After Heartbreak: Healing, Moving On, and Finding Closure After Lost Love

Years ago, I was in love with her. I adored everything about her—her face, her eyes, her hair, her body, her skin tone, even the scent of her hair and the taste of her mouth. I believed I was utterly in love and fascinated by her entire being. She was a beautiful woman, and I cherished every moment we shared.

When we made love, it would last for hours. I remember one time we were together all night long. By the end, we were both exhausted but completely satisfied.

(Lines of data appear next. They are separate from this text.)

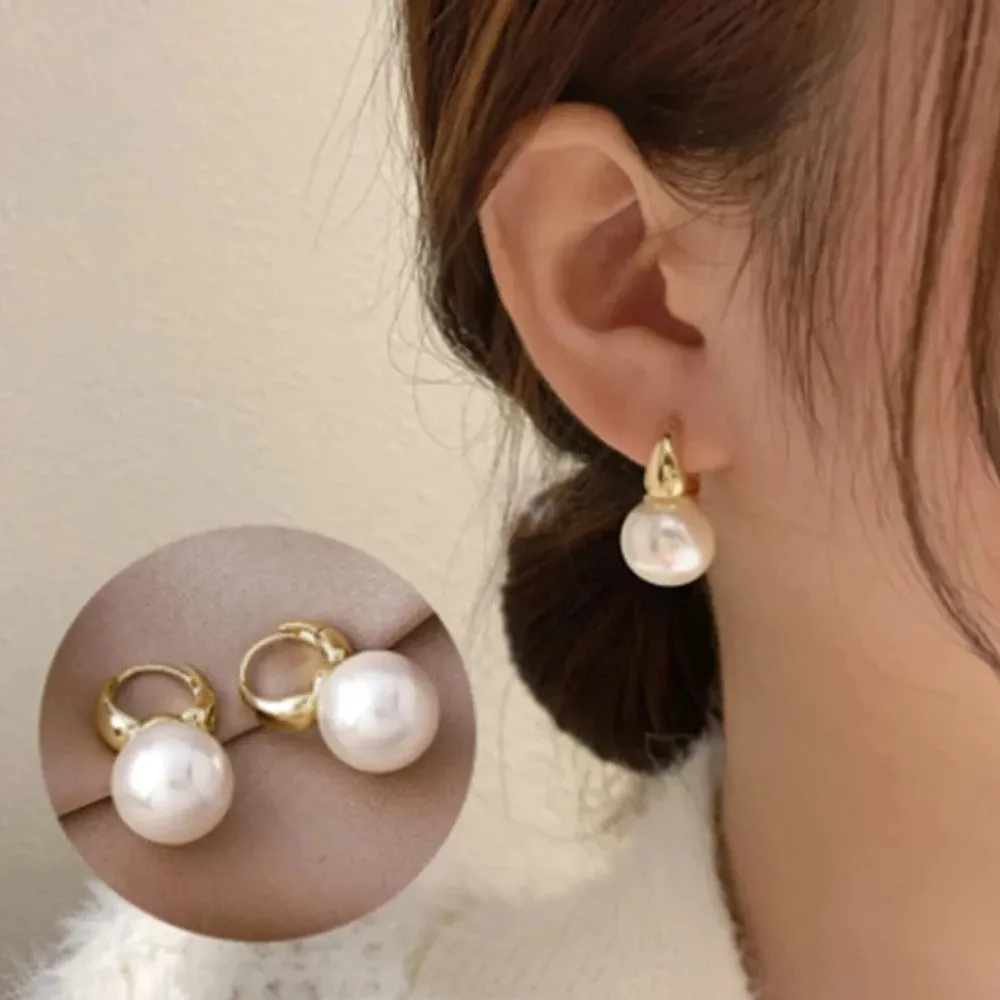 Luxury Pearl Studs Hoop Earrings Charm Gold Color Eardrop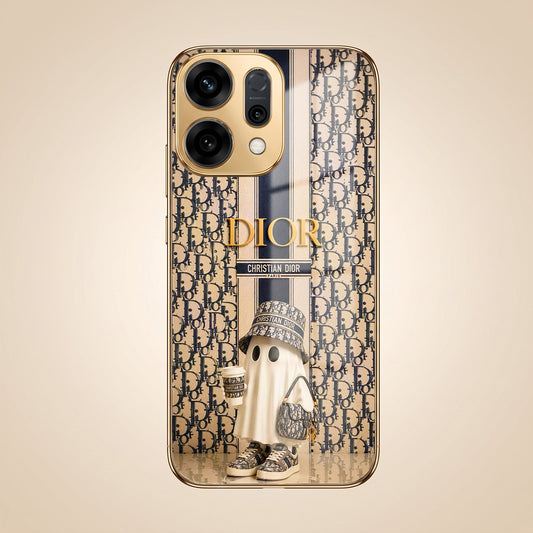 Oppo Reno 14 5G Luxury Dior Gold Electroplated Glass Phone Back Case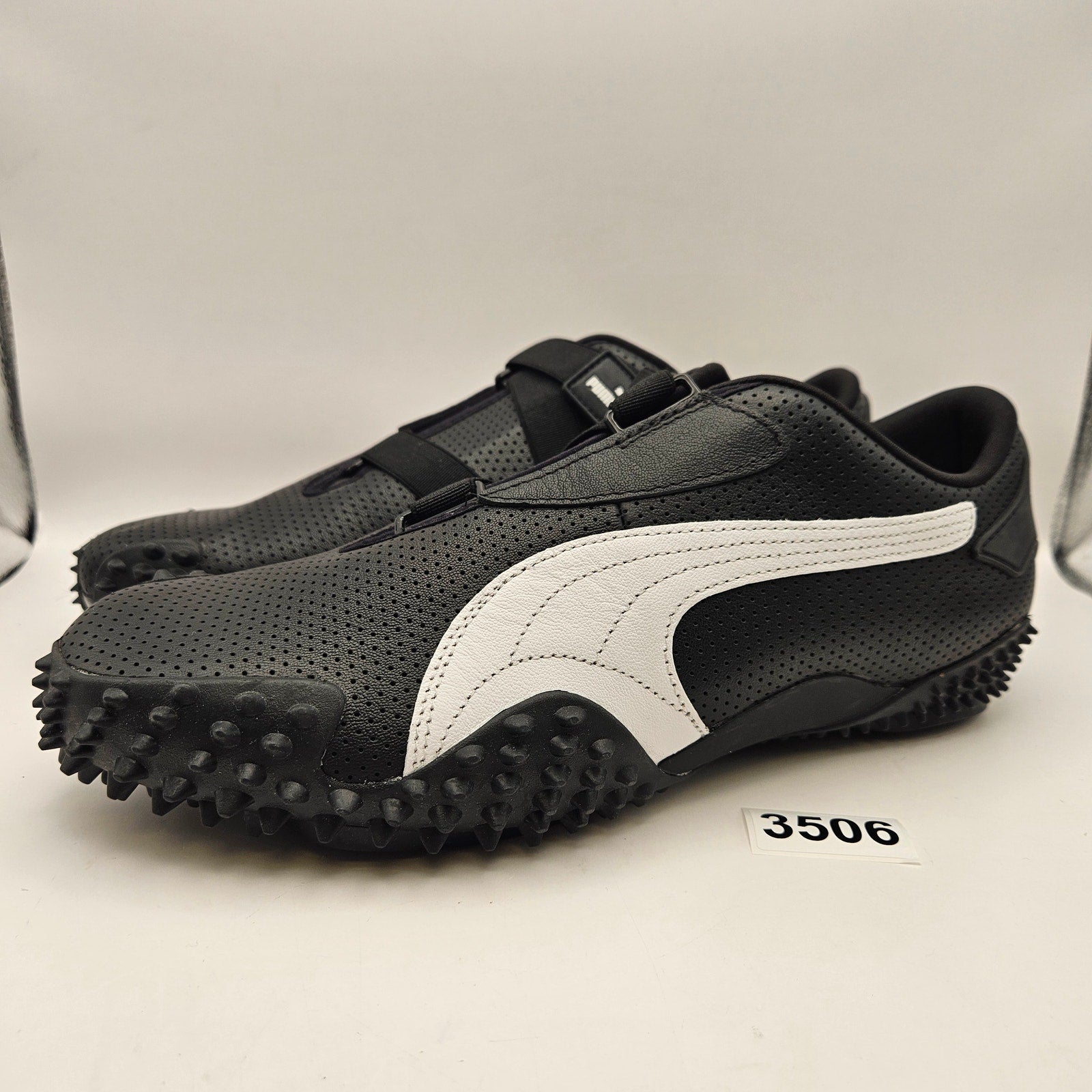 PUMA MEN'S 11.5 MOSTRO PERFORATED LEATHER PACK BLACK WHITE 397331-02 NWOB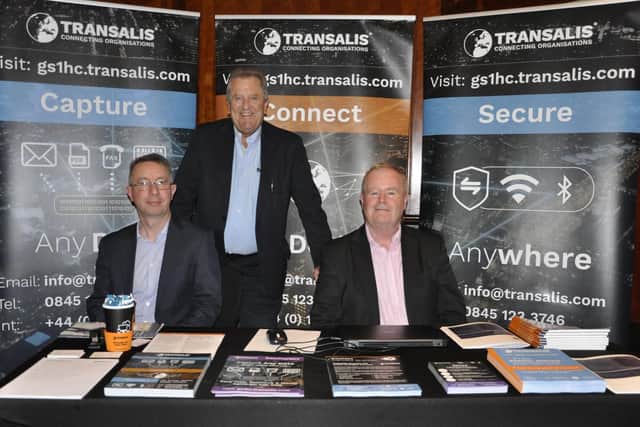 Manning the Transalis stand at the GS1UK Healthcare Conference are, from left: Ian Moody, Roy Garlick and Hugh Chambers. The event was held at the Radisson Blu Edwardian, Heathrow.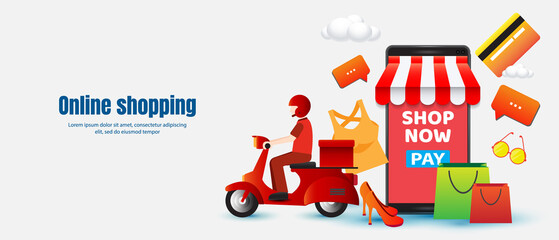 Online delivery service vector illustration with scooter mobile bags credit card fashion elements and message icon E-commerce concept
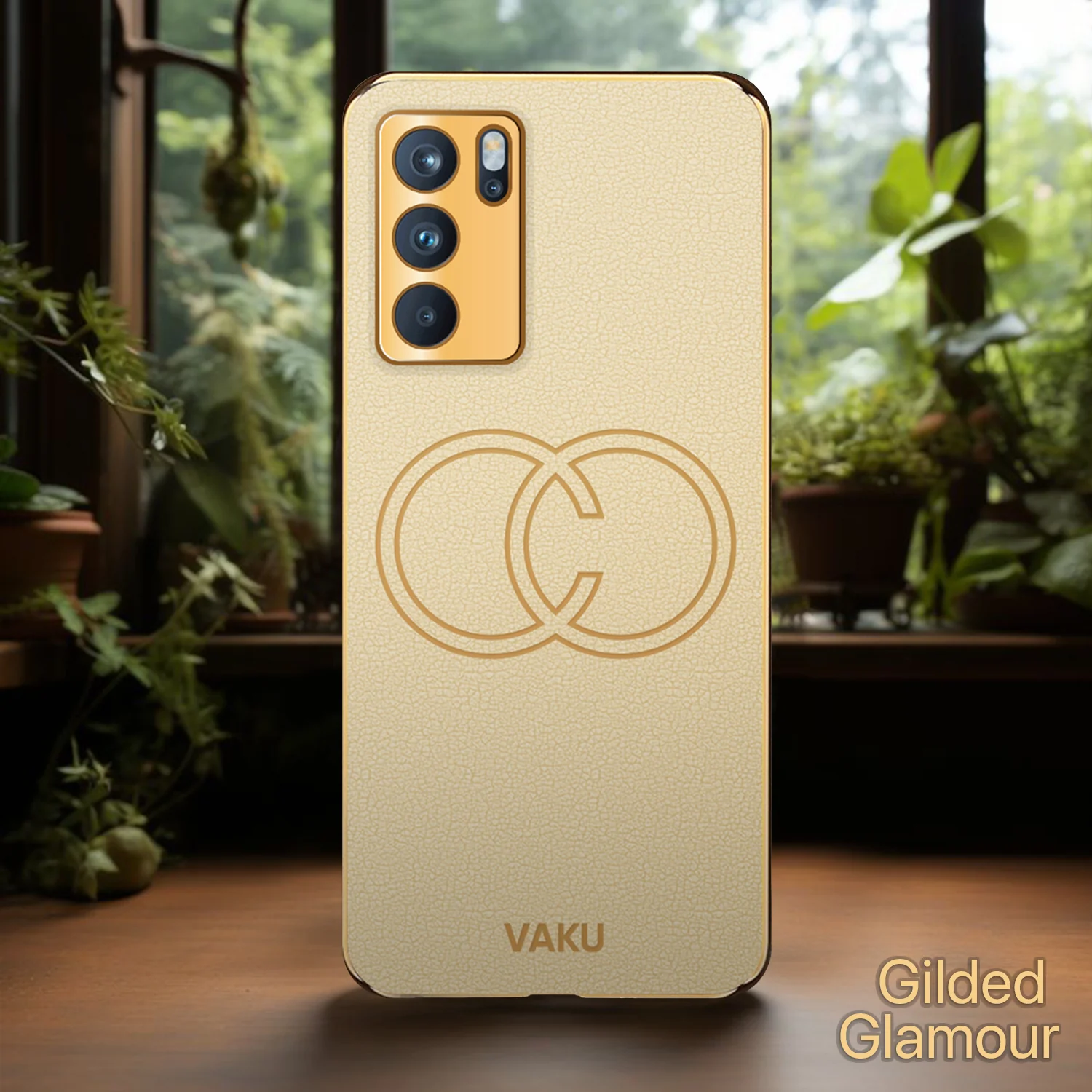 Vaku® Oppo Reno6 5G Skylar Leather Pattern Gold Electroplated Soft TPU Back Cover - Image 9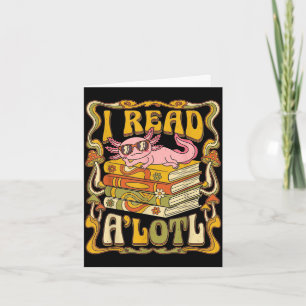 Cartão Livro engraçado do axolote amante da biblioteca bi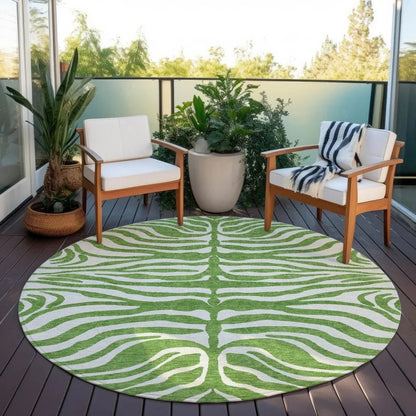 Solstice Green Washable Indoor-Outdoor Rug-Outdoor Rugs-LOOMLAN Rugs-LOOMLAN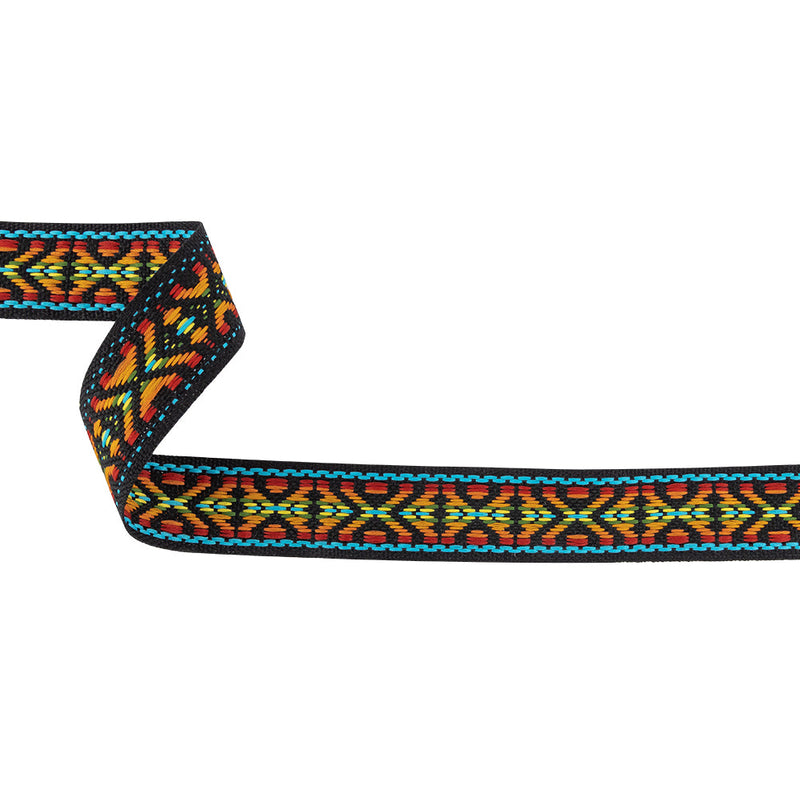 Rainbow and Black Tribal Embroidered Trimming - 1"
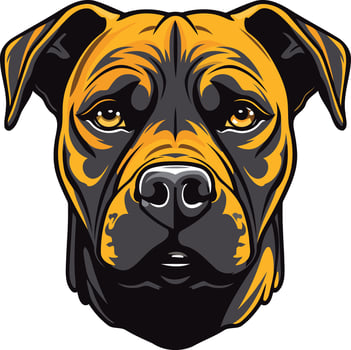 Close-Up Portrait of a Pitbull vector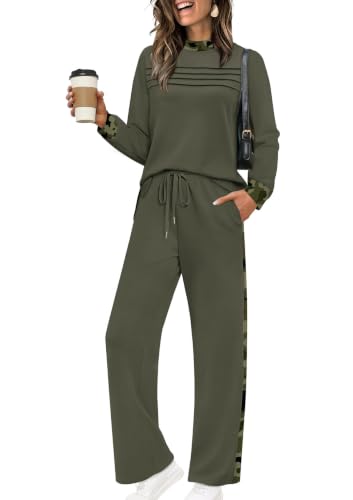 Image of WIHOLL Two Piece Sets for Women Fall Travel Vacation Outfits 2026 Long Sleeve Lounge Sets Side Slit Wide Leg Pants XS-3XL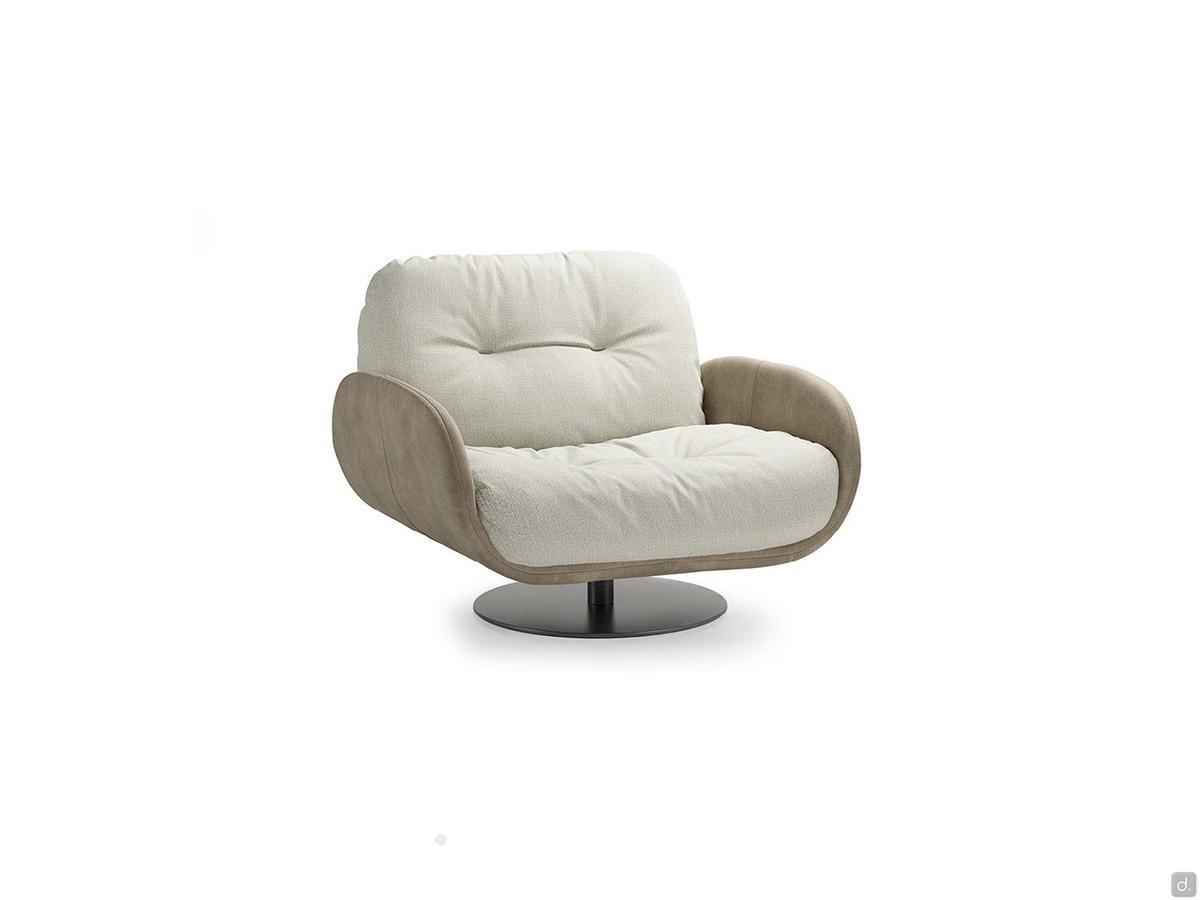 Vintage design upholstered armchair Belfast shown here with metal swivel base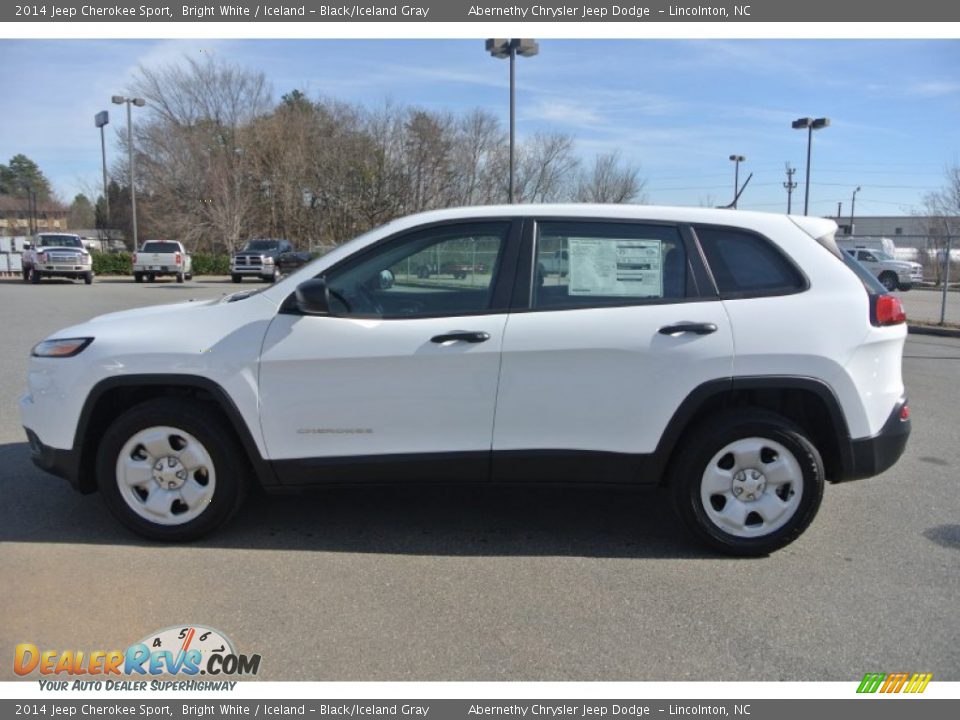 2014 Jeep Cherokee Sport Bright White / Iceland - Black/Iceland Gray Photo #3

That’s what being in love feels like.

Then she broke my heart. She was supposed to spend a long weekend with me but ended up going away with her family and an ex-boyfriend to Florida instead. After that, she pretty much ended things between us, which led me into one of the darkest, most difficult periods of my life. I don’t want to dwell on how desperate I was trying to get her back. Looking back, I realize I wasn’t proud of how I acted.

So, what happened after the heartbreak?

Fast forward a few years, and we found ourselves hanging out again. We went out partying with her sister and my cousin. Afterward, we went back to my place, closed the door, and got intimate. This time, things were different. I didn’t go down on her, I didn’t take in her scent, I used a condom even though I knew she was on birth control. I wasn’t seeking a deep connection; I just wanted to be physical and close the evening. We were together, but it didn’t last for hours or feel like before—I came in an ordinary amount of time.

Afterward, she looked at me and said, “Angel, that was different. It’s not how you used to be. What changed?” I looked her in the eyes and told her, “I’m not in love with you anymore. You hurt me, and I no longer have my heart to give.” She seemed surprised by my bluntness. I asked, “Does this surprise you?” She answered, “I guess not. I did hurt you pretty badly, didn’t I? I’m sorry, Angel.” I smiled and whispered, “That’s in the past.” I held her quietly, kissed the top of her head, and said, “You are still so beautiful.” We were together again after that, but since then, I barely recall us spending much time together. I helped her move once, and we partied with our partners some years later, but that was the end of our romantic and sexual relationship.

That’s what happened after the heartbreak.